Author: Frank Armstrong
Title: Hearing Type
Source: AIGA Journal of Interactive Design Education
Date: June 27, 2005
Abstract of Major Ideas
In his paper Hearing Type, Frank Armstrong describes an interesting analogy between music and both static and kinetic typography. He compares specific properties of music to typography including rhythm, melody, and harmony. Rhythm can be used to describe type in many ways, such as shape, strokes, and punctuation for both moving and static examples. Melody is the message or meaning of the type, while harmony describes the interaction of columns or lines of type to each other.
He also compares an individual glyph to a sound or tone, using the amplitude to describe the weight of a character, duration to the width of a series of glyphs, pitch to the vertical positioning of the type, and timbre to the color, texture and style of the type. Armstrong suggests that using such analogies can help students better understand both static and kinetic typography by providing a different perspective or frame of reference.
Critical Evaluation of Major Ideas
It isn’t difficult for one to visualize comparisons between audible tones in music and glyphs or phrases of type. Armstrong also brings up the example of sheet music to strengthen his point. Certainly sheet music is another form of typography and is used to produce music output as sound, just as type, when read, produces audible speech. Armstrong quotes musicians, typographers, graphic designers, and physicists who have made similar comparisons.
These analogies might be useful in the ways that Armstrong suggests. I know from teaching audio production that I frequently use visual analogues to describe sound, such as comparing bitmap imagery to digital audio. There seems to be a shortage of adjectives in the English language that are used exclusively to describe sound. When we describe the timbre of a sound we use words like warm, cool, crisp, bright, or dark. All these words are usually used to describe other things like temperature, color or texture.
I agree with Armstrong’s position. It’s often very useful to compare and contrast different art forms. I think it is also important to look carefully at what the differences are between these art forms as well as the likenesses, so that students are getting the whole story.

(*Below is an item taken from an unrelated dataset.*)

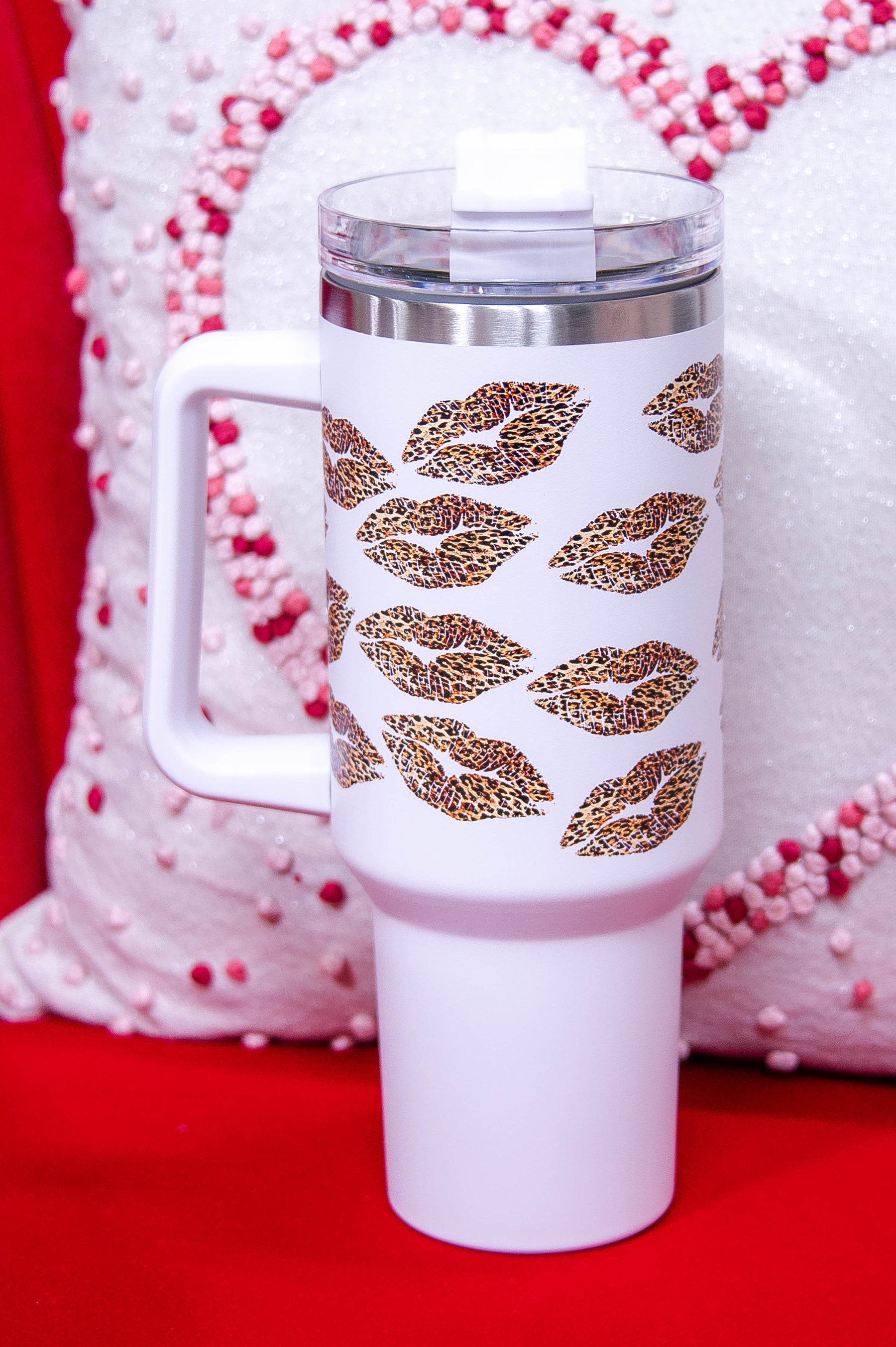 White/Multi Color Printed Lips 40 Oz Tumbler - TBL064WH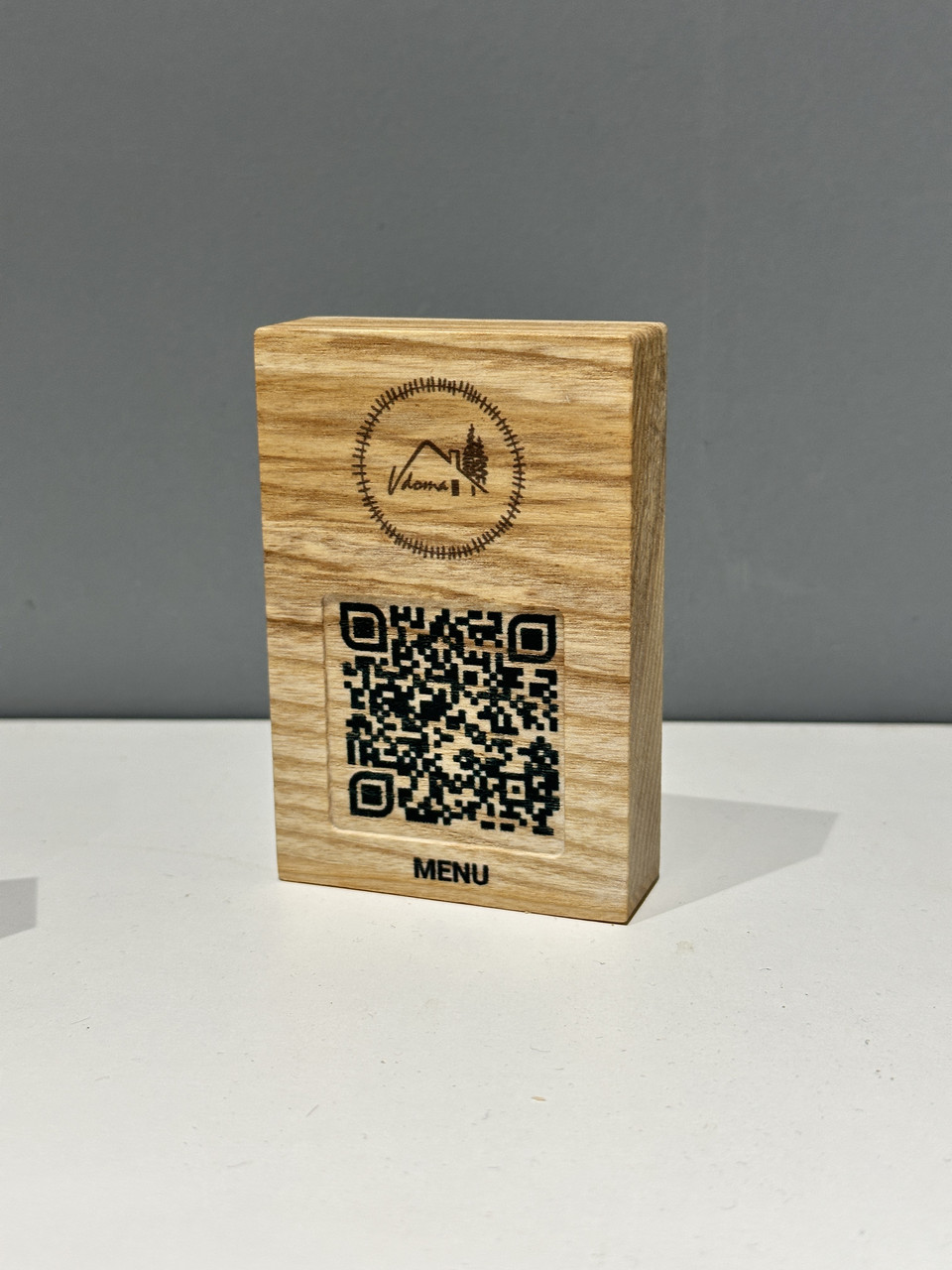 Дерев'яна настільна табличка з QR-кодом 9х6 см Інставізитки та номерки на столи для ресторанів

Implications for Design Education
Armstrong’s paper raises an interesting perspective within the field of typography. The essence is that music and type are both forms of language; therefore they have parallels that can be illustrated to give students and designers a new frame of reference that might provide inspiration. I would not discourage instructors from using similar analogies, but I would suggest that they also make it clear that typography is not literally sheet music (although it could be interpreted as such through the use of visual scores), just as spoken text is not necessarily musical.